Various systems pose different challenges: whether they use a single agent or a group of them, or whether they are assisting or collaborating with humans all has an impact on how to specify their trustworthiness. 

Key challenges in automated driving and healthcare

For example, two key challenges in the area of automated driving are the lack of machine-readable specifications that formally express acceptable driving behaviour and the need to specify the actions of other road users. U.K. Highway Code asks drivers to not "pull out into traffic so as to cause another driver to slow down." Without further constraints on what the other drivers could possibly do, it is difficult to define the right behaviour for a system. If we make assumptions during this process and those assumptions are not met, we risks raising concerns about the safety of the entire system. 

In healthcare, the use of AI and AI-enabled autonomy already benefits more accurate and automated diagnostics, autonomy in robot surgery, and entirely new approaches to drug discovery and design. 

However, gaps in test accuracy remain. The challenge in this field is to account for differences in tools and operators, as well as various conditions and severity levels. When using deep learning to automate interpretation, it's crucial to ensure the system can explain its decisions.

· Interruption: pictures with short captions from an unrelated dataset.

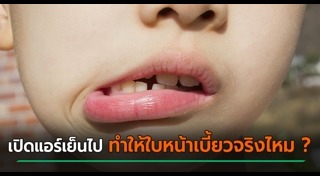โรคอัมพาตครึ่งใบหน้า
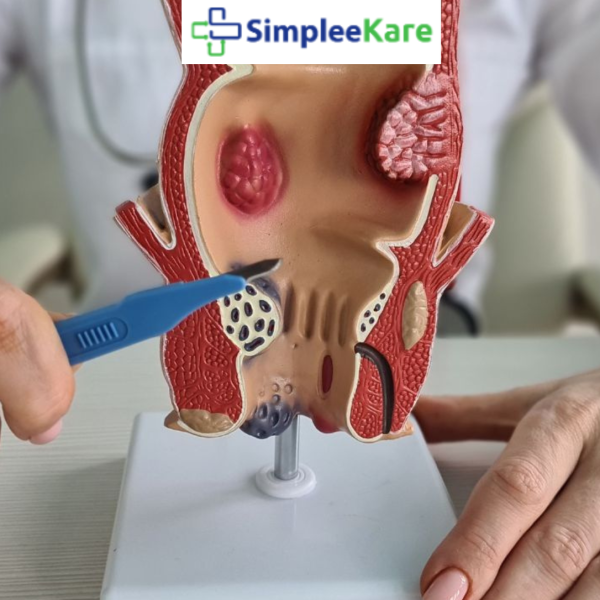 best piles surgery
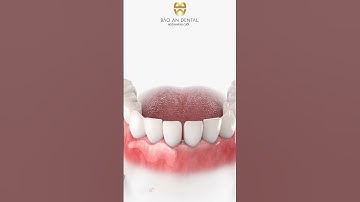 Niềng răng bằng khay trong suốt Invisalign  #baoandental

This is to prevent situations where the AI system might achieve high accuracy by taking shortcuts, and using irrelevant information instead of correctly identifying the primary problem. The specific challenge here is how to specify for 'black box' models. 

The paper came out of joint efforts across the whole UKRI TAS programme, beginning with a workshop in the 2021 TAS All Hands Meeting. 

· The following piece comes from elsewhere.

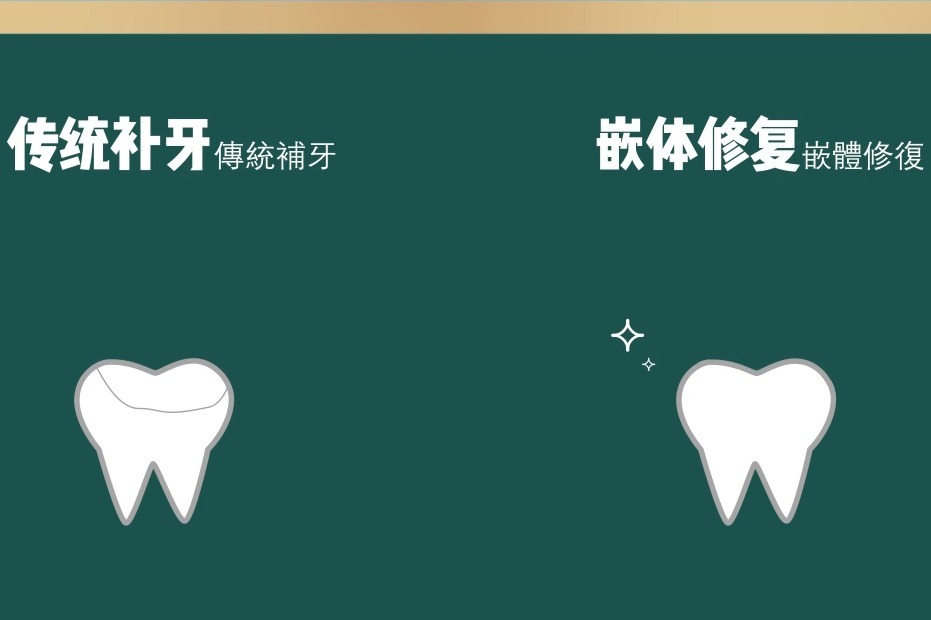 深圳补牙科普补牙材料老掉医生建议做嵌体是真的好吗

UKRI Trustworthy Autonomous Systems Programme

The TAS programme is a collaborative UK-based platform comprised of Research Nodes and a Hub, united by the purpose of developing world-leading best practice for the design, regulation and operation of autonomous systems. The central aim of the programme is to ensure that the autonomous systems are ‘socially beneficial’, protect people’s personal freedoms and safeguard physical and mental wellbeing. 

The project addresses public concern and potential risks associated with Autonomous Systems by making sure they are both trustworthy by design and trusted by those that use them, from individuals to society and government. It is only by addressing these issues of public concern and potential risk that autonomous systems will be trusted, allowing them to grow and be utilised more and more. 

TAS is comprised of seven distinct research strands termed Nodes: trust, responsibility, resilience, security, functionality, verifiability and governance and regulation. Each Node will receive just over £3 million in funding from UKRI to conduct their research. 

TAS Governance and Regulation Research Node

Led by Professor Subramanian Ramamoorthy from the School of Informatics and Edinburgh Centre for Robotics, the team are tasked with developing the governance and regulation of Trustworthy Autonomous Systems (TAS). By developing a novel framework for the certification, assurance and legality of TAS, the project will address whether such systems can be used safely.